Aus den Entscheidungsgründen:
Die zulässige Klage ist überwiegend begründet.
Der Kläger Ziffer 1 hat gegen die Beklagte gem. §§ 7 StVG, 3 PflichtVG, 249 Abs. 2 S. 1 BGB einen Anspruch auf Zahlung der Kosten für die Miete eines Ersatzfahrzeuges in Höhe von 944,80 €. Die Haftung der Beklagten für die Folgen des Unfalls dem Grunde nach ist unstreitig.
Da der Kläger Ziffer 1 aufgrund des Unfalls seinen PKW nicht nutzen konnte, haftet die Beklagte auch grundsätzlich auf die Kosten der Anmietung einer vergleichbaren Sache. Mietwagenkosten gehören dabei regelmäßig zu den Kosten der Schadensbehebung im Sinne des § 249 Abs. 2 S. 1 BGB (vgl. BGH NJW 2005, S. 51-53 m. w. N.).

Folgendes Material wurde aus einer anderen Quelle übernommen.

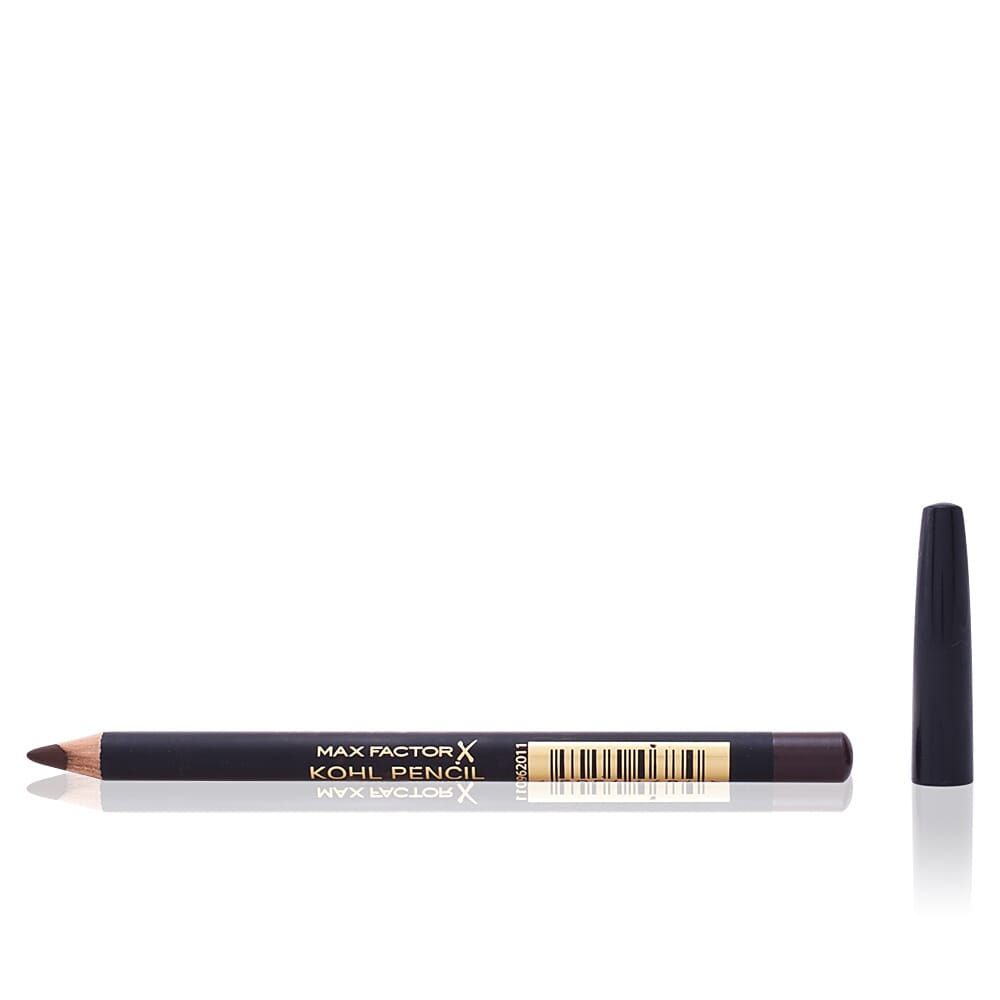 Kohl Pencil #30 Brown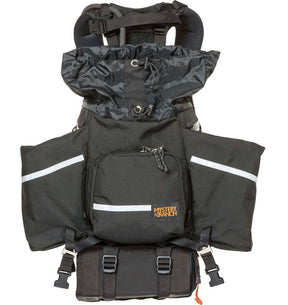 Women's Hotshot TL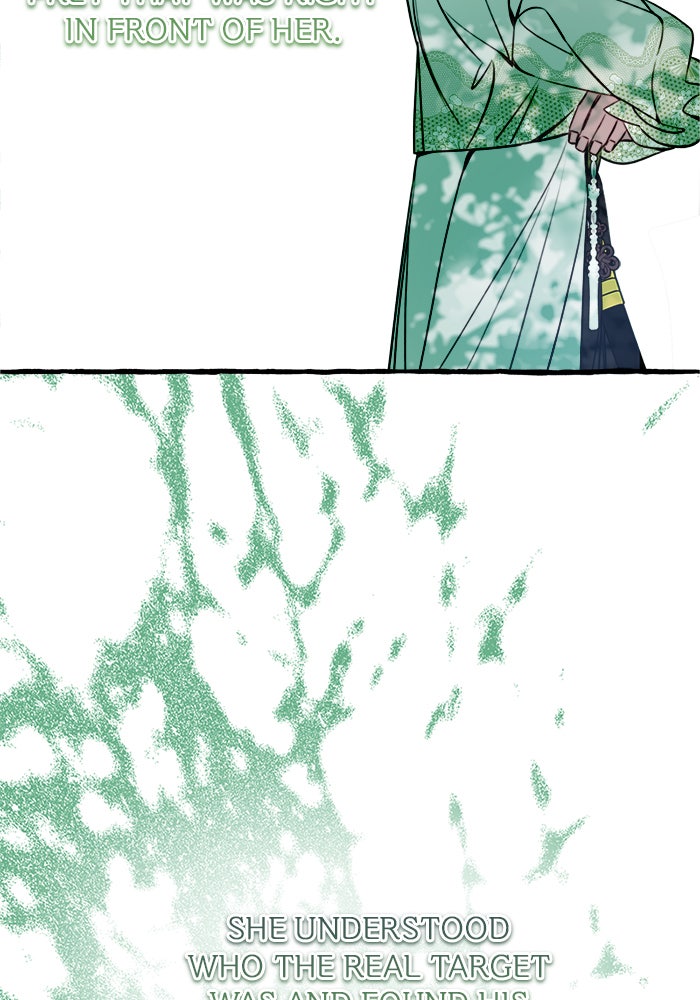 Read Frozen Hearts EN Manga Online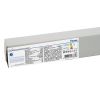 Уличные светильники Feron 51568 LL-894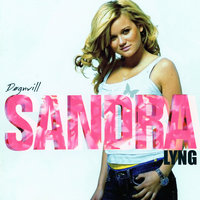 I morgen - Sandra Lyng, Whimsical, Kleen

Verlangt werden können allerdings nur solche Aufwendungen, die vom Standpunkt eines verständigen und wirtschaftlich denkenden Menschen in der Lage des Geschädigten zweckmäßig und angemessen erscheinen. Der Geschädigte ist dabei gehalten, im Rahmen des ihm Zumutbaren den wirtschaftlichsten Weg der Schadensbehebung zu wählen. Weiter gilt, dass die gewählte Art der Schadensbeseitigung zunächst mit dem Verlust der Nutzungsmöglichkeit korrespondieren muss (Fahrzeugklasse). Zum anderen muss der finanzielle Aufwand, den der Geschädigte zur Wiederherstellung der Mobilität treibt, angemessen sein. Als angemessen kann derjenige Aufwand angesehenwerden, der für Leistungen gleicher Art und Güte am Leistungsort üblicherweise bezahlt werden muss. Welcher Tarif als üblich angesehen ist, richtet sich dabei nach dem regional zugänglichen Mietwagenpreis (BGH NJW 1996, S. 1958). Dem Gericht ist insofern nach § 287 ZPO möglich, den Schaden zu schätzen.
Nicht nur das LG Freiburg, das OLG Karlsruhe, sondern auch der BGH halten dabei eine Schätzung des Normaltarifs auf Grundlage des gewichteten Mittels des „Schwacke-Mietpreisspiegels“ im Postleitzahlengebiet des Geschädigten für möglich (vgl. nur BGH VersR 2007, S. 1286-1288). Der „Schwacke-Mietpreisspiegel“ ist damit in der Rechtsprechung anerkannt und sorgt für eine Gleichmäßigkeit und Voraussehbarkeit der Entscheidung.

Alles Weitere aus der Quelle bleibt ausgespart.